The Zoom-seminar invites you to have a closer look at the writings of female authors of the Romantic period. While, until very recently, literary history has focused almost exclusively on the so-called Big Six –the male poets William Blake, Samuel Taylor Coleridge, William Wordsworth, Percy Bysshe Shelley, John Keats, and Lord Byron – the years between 1789 and 1837 in fact proved to be a watershed moment for British women’s writing. Moreover, the works of Jane Austen, Mary Shelley and others often serve as a (critical) commentary upon dominant male modes of Romanticism, thus offering not only perspectives upon the period as such, but they also discuss contemporary social and cultural issues. In this seminar, we will read prose fiction, poetry, and drama by female authors including Jane Austen, Mary Shelley, Joanna Baillie, Charlotte Smith, and Felicia Hemans.

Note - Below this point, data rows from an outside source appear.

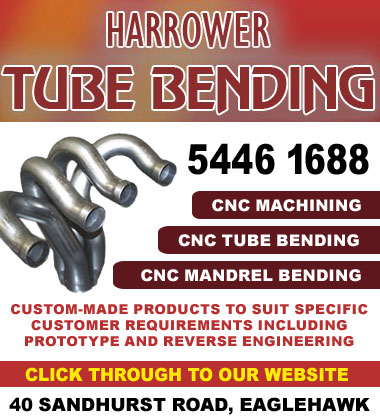 Visit the Harrower Tube Bending web site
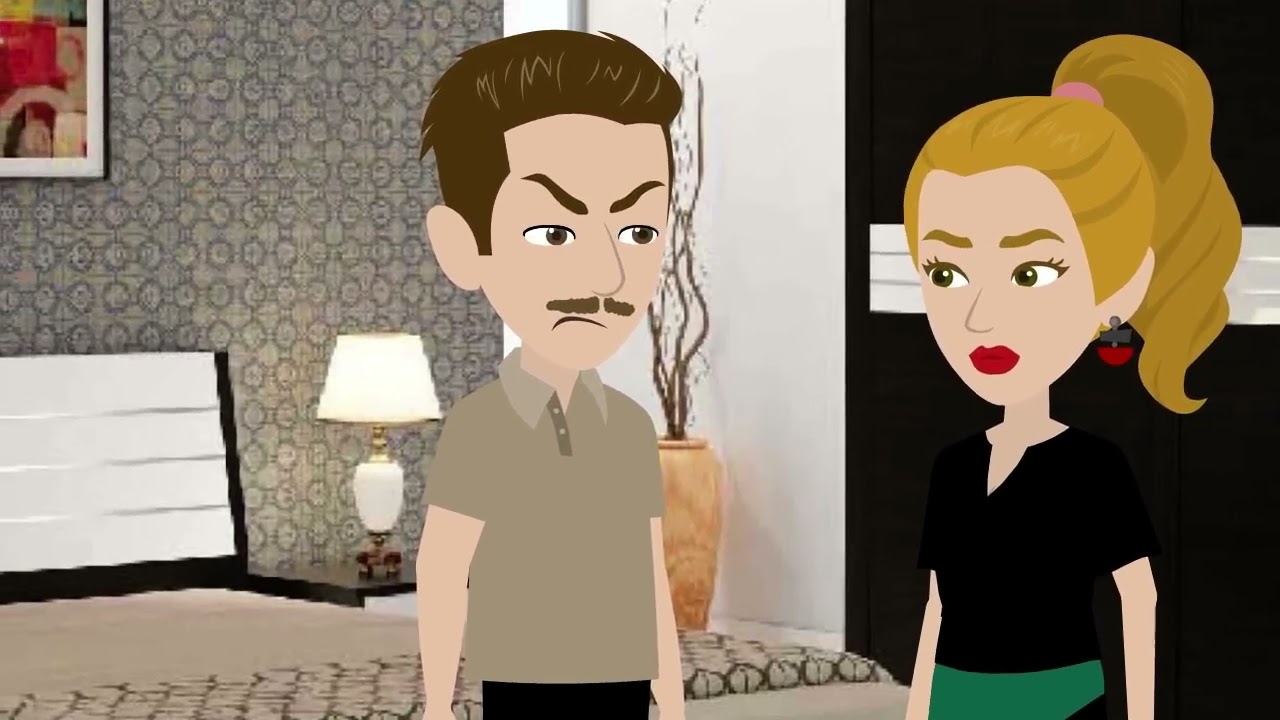 عواقب الطمع ( القصة كاملة )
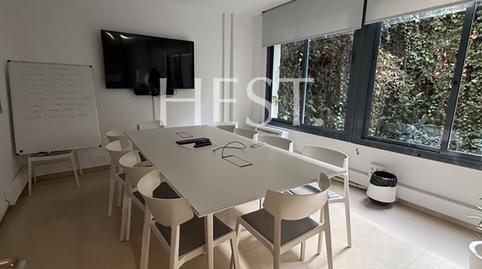 Foto 2 de Oficina de alquiler en Ronda de la Universitat, Dreta de l'Eixample,  Barcelona Capital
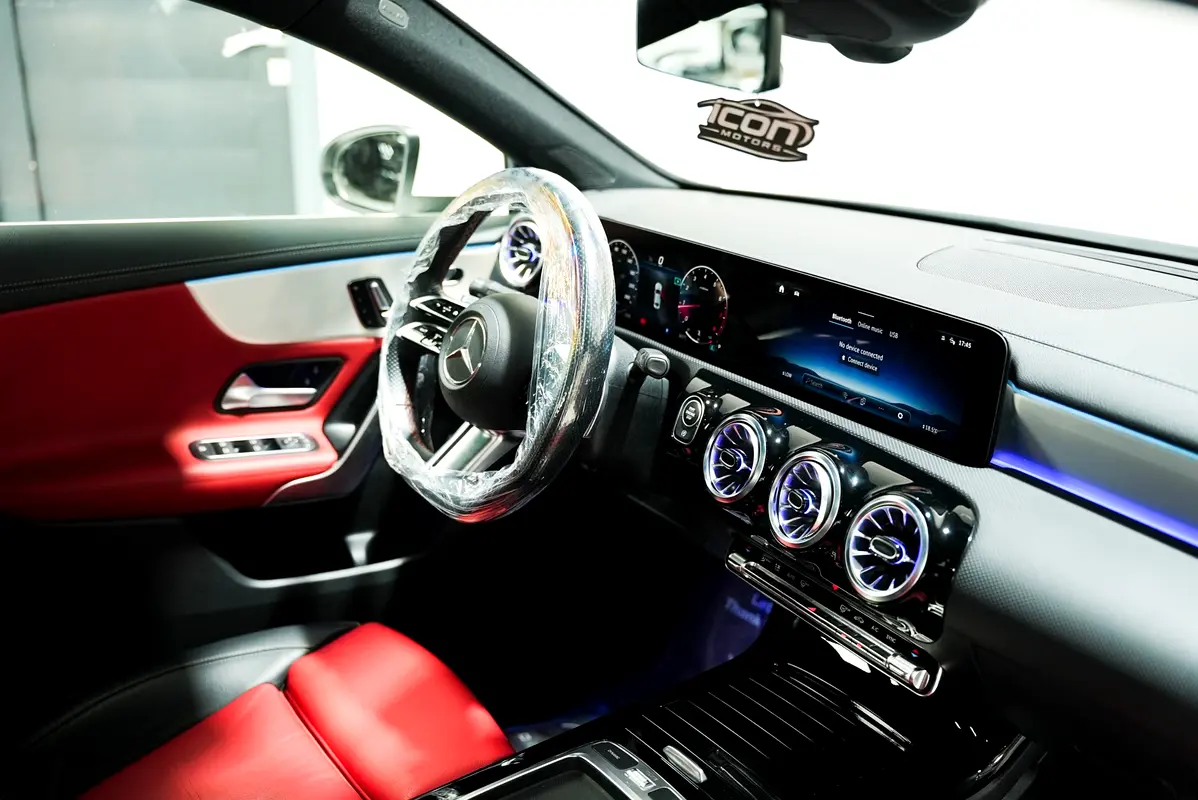 Mercedes-Benz A-Class 2024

Please buy a copy of and read:

Jane Austen, Pride and Prejudice. Ed. James Kinsley. Oxford: OUP. (= Oxford World Classics)

AND

Mary Shelley, Frankenstein. Ed. D.L. Macdonald; Kathleen Scherf, et.al. Peterborough: Broadview Press.

Don’t use any other editions!

Further texts will be made available upon the start of term.

Introductory reading:

Ralf Haekel (ed.), Handbook of British Romanticism. Berlin & New York: DeGruyter, 2017.